### PROBLEM DESCRIPTION
Only the lines below from the one that holds "Hi friends, welcome" through the one that holds "Hello everyone, welcome" should appear in the answer, copied exactly, end lines included and pictures omitted.

*** SUPPLIED RECORDS ***

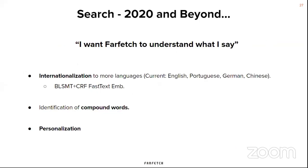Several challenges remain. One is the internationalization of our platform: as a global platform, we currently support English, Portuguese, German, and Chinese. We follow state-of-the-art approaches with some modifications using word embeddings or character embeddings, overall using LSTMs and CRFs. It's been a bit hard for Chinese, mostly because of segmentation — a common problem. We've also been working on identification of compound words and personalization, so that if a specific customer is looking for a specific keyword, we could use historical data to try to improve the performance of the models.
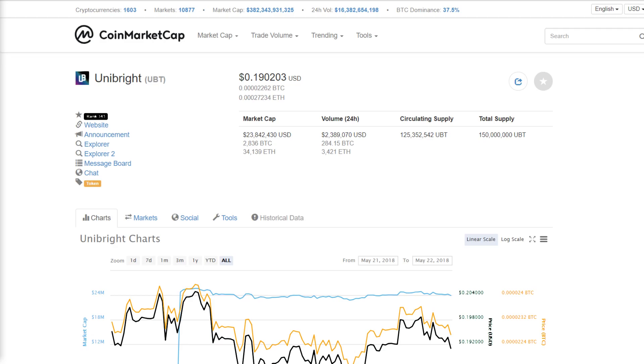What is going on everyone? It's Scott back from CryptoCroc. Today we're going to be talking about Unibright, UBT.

***
*** SUPPLIED RECORDS ***

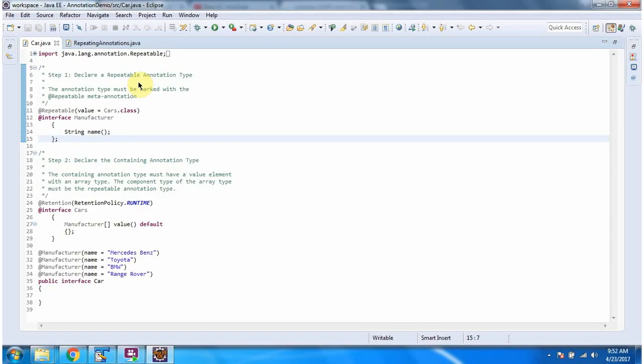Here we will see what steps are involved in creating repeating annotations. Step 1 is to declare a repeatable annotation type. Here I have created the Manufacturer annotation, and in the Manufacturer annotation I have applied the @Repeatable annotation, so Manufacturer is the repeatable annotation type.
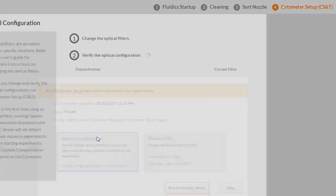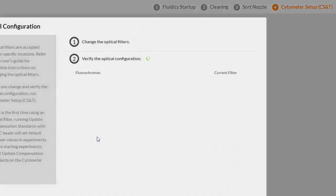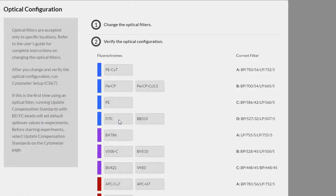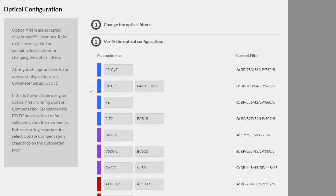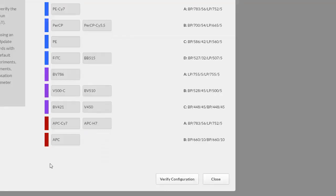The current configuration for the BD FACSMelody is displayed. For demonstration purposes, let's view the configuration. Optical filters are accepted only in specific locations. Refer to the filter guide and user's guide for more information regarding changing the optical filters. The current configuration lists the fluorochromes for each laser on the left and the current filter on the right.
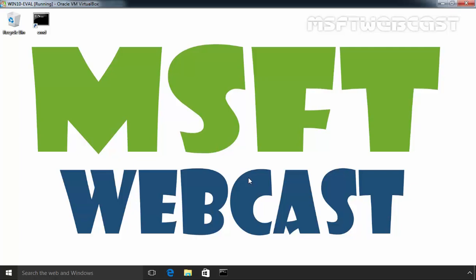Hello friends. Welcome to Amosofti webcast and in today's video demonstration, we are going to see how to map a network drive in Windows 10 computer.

***
*** SUPPLIED RECORDS ***

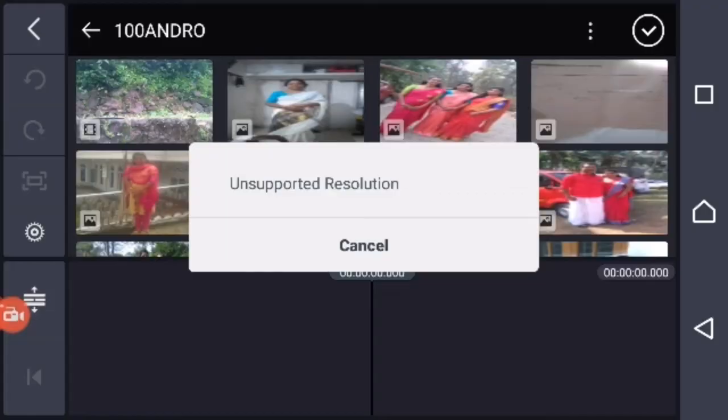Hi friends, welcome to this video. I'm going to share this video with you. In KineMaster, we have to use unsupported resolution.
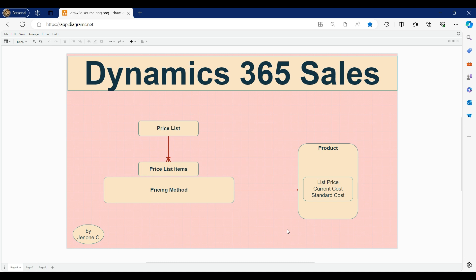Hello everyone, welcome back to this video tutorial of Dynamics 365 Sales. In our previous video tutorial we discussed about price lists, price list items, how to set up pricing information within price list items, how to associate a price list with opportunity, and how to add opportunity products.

***

### RESPONSE
Hi friends, welcome to this video. I'm going to share this video with you. In KineMaster, we have to use unsupported resolution.
Hello everyone, welcome back to this video tutorial of Dynamics 365 Sales. In our previous video tutorial we discussed about price lists, price list items, how to set up pricing information within price list items, how to associate a price list with opportunity, and how to add opportunity products.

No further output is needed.